National Security Officials Confirm to Rep. Calvert that the Kabul Bomber was Previously Held in Bagram Prison
National security officials have confirmed to Congressman Ken Calvert (CA-42) that the ISIS-K bomber responsible for the August 26, 2021 terror attack at Kabul airport was carried out by an individual who was released from the Bagram prison shortly after the Taliban seized control of the facility on August 15, 2021. The U.S. military abruptly abandoned the facility in July of 2021.
“U.S. national security officials have now confirmed to me the reports that the August 26th Kabul bomber was a known ISIS-K terrorist that was previously detained at the Bagram prison and was released along with thousands of others just days before the deadly attack,” said Rep.

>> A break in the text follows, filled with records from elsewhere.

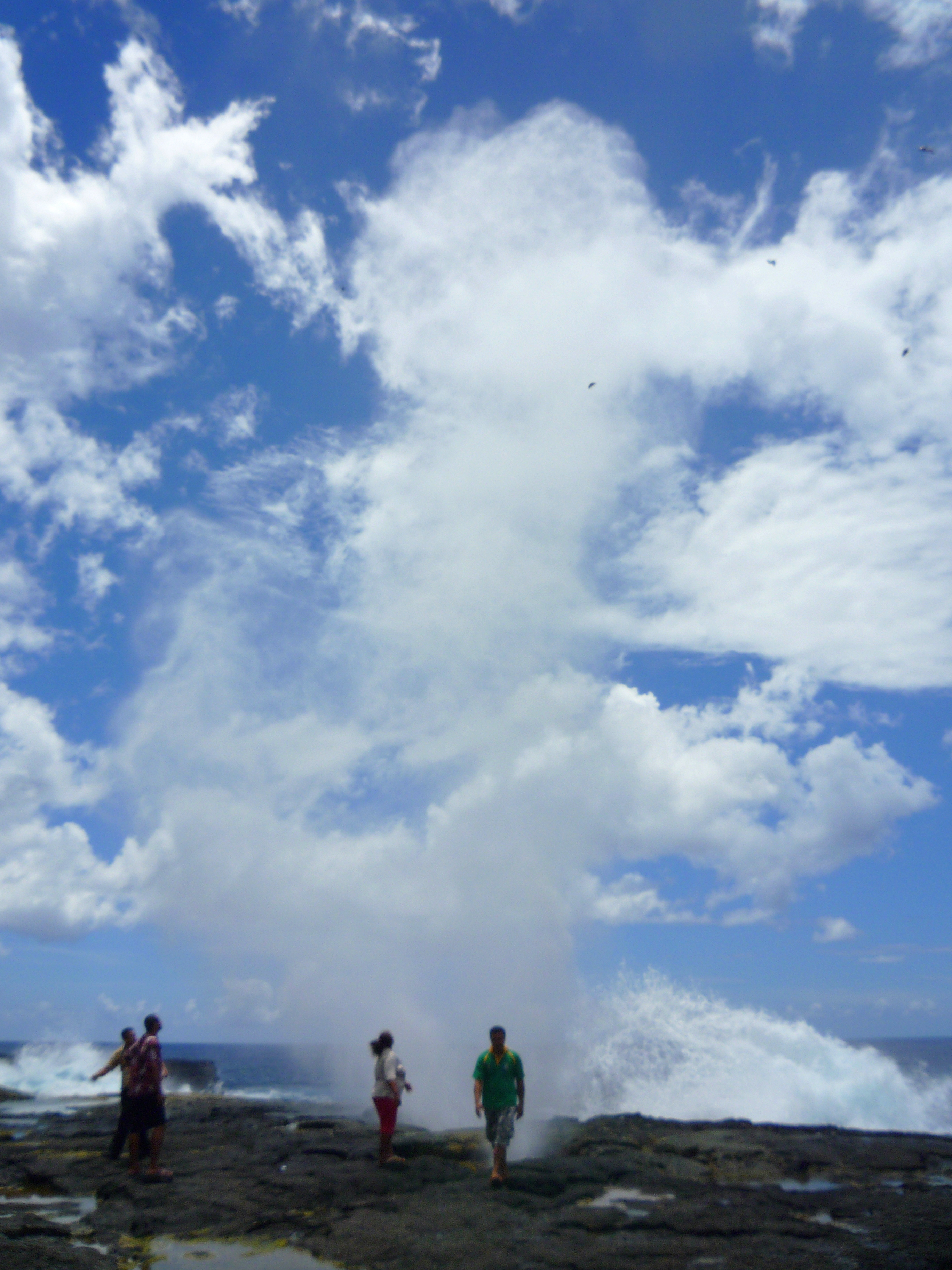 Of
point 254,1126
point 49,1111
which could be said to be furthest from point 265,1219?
point 49,1111

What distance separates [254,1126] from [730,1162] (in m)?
10.6

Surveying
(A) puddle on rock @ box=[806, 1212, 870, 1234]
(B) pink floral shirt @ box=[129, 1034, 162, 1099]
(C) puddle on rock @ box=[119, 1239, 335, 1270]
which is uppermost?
(B) pink floral shirt @ box=[129, 1034, 162, 1099]

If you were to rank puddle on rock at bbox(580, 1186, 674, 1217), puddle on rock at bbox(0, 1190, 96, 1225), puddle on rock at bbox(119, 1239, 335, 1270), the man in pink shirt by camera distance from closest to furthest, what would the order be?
puddle on rock at bbox(119, 1239, 335, 1270)
puddle on rock at bbox(0, 1190, 96, 1225)
puddle on rock at bbox(580, 1186, 674, 1217)
the man in pink shirt

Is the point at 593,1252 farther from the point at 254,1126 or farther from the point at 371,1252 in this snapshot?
the point at 254,1126

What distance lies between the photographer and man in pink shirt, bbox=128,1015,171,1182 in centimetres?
1172

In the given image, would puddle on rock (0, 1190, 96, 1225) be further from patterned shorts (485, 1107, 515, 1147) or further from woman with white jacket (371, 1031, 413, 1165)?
patterned shorts (485, 1107, 515, 1147)

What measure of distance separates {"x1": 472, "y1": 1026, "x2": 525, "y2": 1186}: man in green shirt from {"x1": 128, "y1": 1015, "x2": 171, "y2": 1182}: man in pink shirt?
4783mm

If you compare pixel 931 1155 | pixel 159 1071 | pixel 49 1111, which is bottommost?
pixel 49 1111

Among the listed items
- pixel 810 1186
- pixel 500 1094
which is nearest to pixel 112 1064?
pixel 500 1094

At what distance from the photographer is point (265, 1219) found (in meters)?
9.18

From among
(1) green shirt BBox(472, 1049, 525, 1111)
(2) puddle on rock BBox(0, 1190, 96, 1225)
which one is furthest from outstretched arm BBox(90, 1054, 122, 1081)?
(1) green shirt BBox(472, 1049, 525, 1111)

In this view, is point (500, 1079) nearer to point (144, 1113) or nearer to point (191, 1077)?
point (144, 1113)

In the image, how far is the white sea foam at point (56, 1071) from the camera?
4134 cm

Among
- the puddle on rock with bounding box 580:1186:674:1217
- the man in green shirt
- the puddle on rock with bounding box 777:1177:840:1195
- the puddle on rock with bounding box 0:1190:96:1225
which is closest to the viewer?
the puddle on rock with bounding box 0:1190:96:1225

Calvert. “President Biden’s disastrous handling of our withdrawal from Afghanistan led to a series of events that culminated with the tragic loss of life on August 26th outside of the Kabul airport. Thirteen Americans, including one of my constituents, were killed because of the poor judgement and execution of our troop withdrawal. The Biden Administration needs to explain why these prisoners were not transferred and secured at another location. Those responsible for these grave errors not only put our brave service members in harm’s way but have now – by our military’s own admission – placed Americans in greater danger than they were before.”
The Kabul bomber has been identified as Abdul Rehman Al-Loghri, a known member of the Islamic State of Khurasan Province (ISIS-K) terrorist group.
The terror attack killed 13 U.S. service members, injured 20 more, as well as killed at least 169 Afghan civilians outside Kabul airport. Marine Corps Lance Corporal Kareem Nikoui, a constituent of the 42nd Congressional District, was among those killed.
The bomber was incarcerated in Afghanistan’s Bagram prison for the past four years, after being arrested before he carried out a planned bombing attack in New Delhi. According to a report from Indian news outlet Firstpost, he “was handed over to the United States' Central Intelligence Agency by the Research and Analysis Wing in September 2017.”
An intelligence officer who worked on the Abdul Rehman case told Firstpost: "America’s disorganized retreat from Afghanistan has led to hundreds of highly-competent and highly-committed terrorists being set free to rejoin the Islamic State, al-Qaeda and other terrorist groups. Literally a decade’s work on counter-terrorism has been undone by the US' failure to secure key prisoners in Bagram."
The prisoner swap agreed to last year was negotiated, included a condition that those release would not pose a security threat to the U.S. or its allies, and gave U.S. and Afghan officials to decide who was ultimately released. None of those conditions were present when the U.S. abandoned Bagram without notifying our Afghan partners and the Taliban indiscriminately released thousands of prisoners, including the Kabul bomber, from Bagram in August.